● Exercise instructions: Everything in the listing below must be set down again exactly, apart from the pictures.

● Given material:
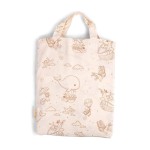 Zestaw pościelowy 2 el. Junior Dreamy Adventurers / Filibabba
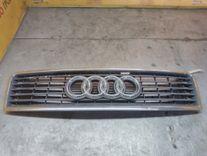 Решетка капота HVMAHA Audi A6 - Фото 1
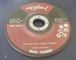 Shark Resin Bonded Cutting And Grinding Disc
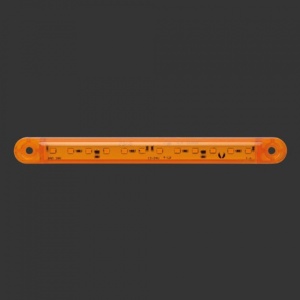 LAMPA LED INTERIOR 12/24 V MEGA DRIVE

● Your solution:
 Zestaw pościelowy 2 el. Junior Dreamy Adventurers / Filibabba
 Решетка капота HVMAHA Audi A6 - Фото 1
 Shark Resin Bonded Cutting And Grinding Disc
 LAMPA LED INTERIOR 12/24 V MEGA DRIVE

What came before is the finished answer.